5/ Alors justement, est-ce que ces instruments de couverture vont toujours dans le sens inverse de la Bourse et dans les mêmes proportions ?
Non, et c’est bien pour ça qu’il est difficile et coûteux de protéger son portefeuille en achetant des outils de couverture. Dans le cas des warrants ou des options de vente, appelées « put » dans le jargon anglo-saxon, comme on en a parlé à propos des marchés à terme, ces produits ont une durée de vie limitée, avec une échéance après laquelle ils valent zéro, quoi qu’il arrive. Du coup, leur cours se déprécie au fil du temps et beaucoup d’épargnants se font piéger par ces produits dont le nom ressemble à celui de gros lézards carnivores, sauf qu’ils dévorent surtout l’argent des épargnants.

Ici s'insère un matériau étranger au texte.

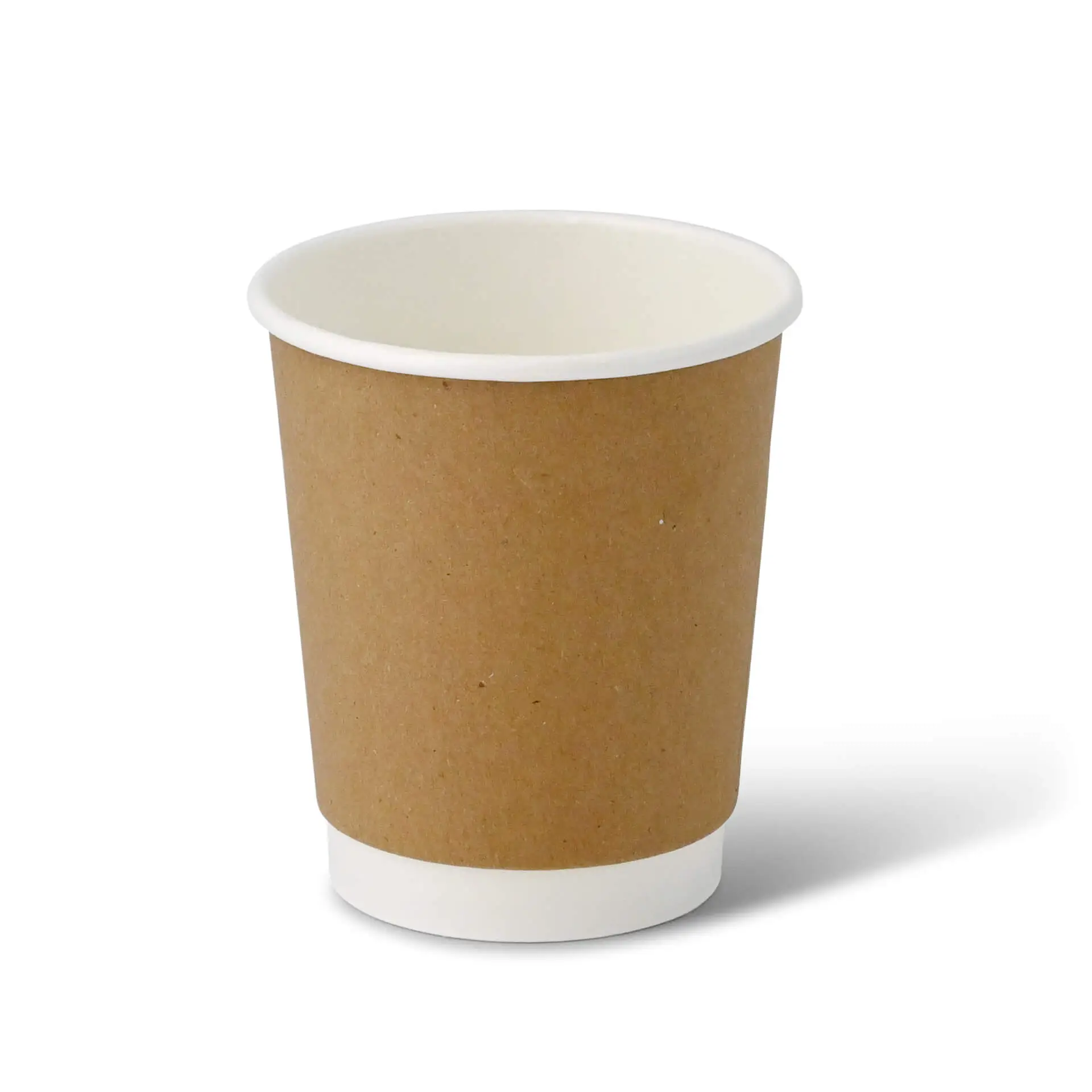 8 oz Takeaway coffee cups double wall, Ø 80 mm, kraft dhd048721-coffee-to-go-becher-aus-pappe-doppelwandig-200-ml-8-oz-80-mm-braun-1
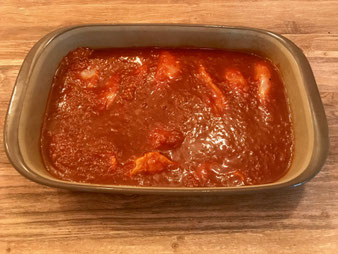 Hähnchenbrustfilet in Currysauce aus dem Grundset Zauberstein und Ofenhexe online im Onlineshop bestellen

Plus sérieusement, l’érosion de valeur au fil du temps touche aussi les trackers inversés, pour plusieurs raisons, dont l’utilisation des marchés à terme et le poids des frais, mais aussi simplement parce que la performance à long terme de l’indice CAC 40 n’est pas la somme de ses performances quotidiennes. Si l’on regarde à la date du 22 septembre, par exemple, quand le CAC 40 ne gagnait plus que 3,6% depuis le début de l’année, hé bien le tracker Short CAC 40 perdait, lui, 10,7% sur la même période, soit près de trois fois l’inverse, tandis que le tracker CAC 40 Daily Double Short perdait 22,8%, soit plus de six fois l’inverse du CAC 40. Ce tracker, qui portait une autre nom à ses débuts, a d’ailleurs été rebaptisé CAC40 Daily Double Short, ce qui veut dire « le double inverse quotidien » du CAC40 pour éviter les déceptions sur son évolution à long terme.
6/ Mais s’il réalise des gains à long terme aussi démultipliés en cas de baisse de la Bourse cela peut être intéressant.
Justement, ça ne marche pas non plus dans ce sens là. Les outils de couverture se dévalorisent avec le temps quoi qu’il arrive. Si l’on prend une période de baisse un peu plus longue, par exemple entre le pic du CAC 40 le 27 avril 2015, à 5283,71 points, et son creux du 24 août, à 4383,26 points, on a un recul de 17% sur quatre mois. Hé bien sur ces quatre mois, le tracker Short CAC 40 ne gagne que 14,4% et le CAC 40 Daily Double Short ne gagne que 29,6%. Cela amortit la baisse, bien sûr, mais on voit bien que cela a un coût puisque cela ne compense pas aussi bien le repli du CAC 40 que sur quelques jours, sans compter le risque de perte à long terme quand la Bourse se tient, comme depuis le début de l’année.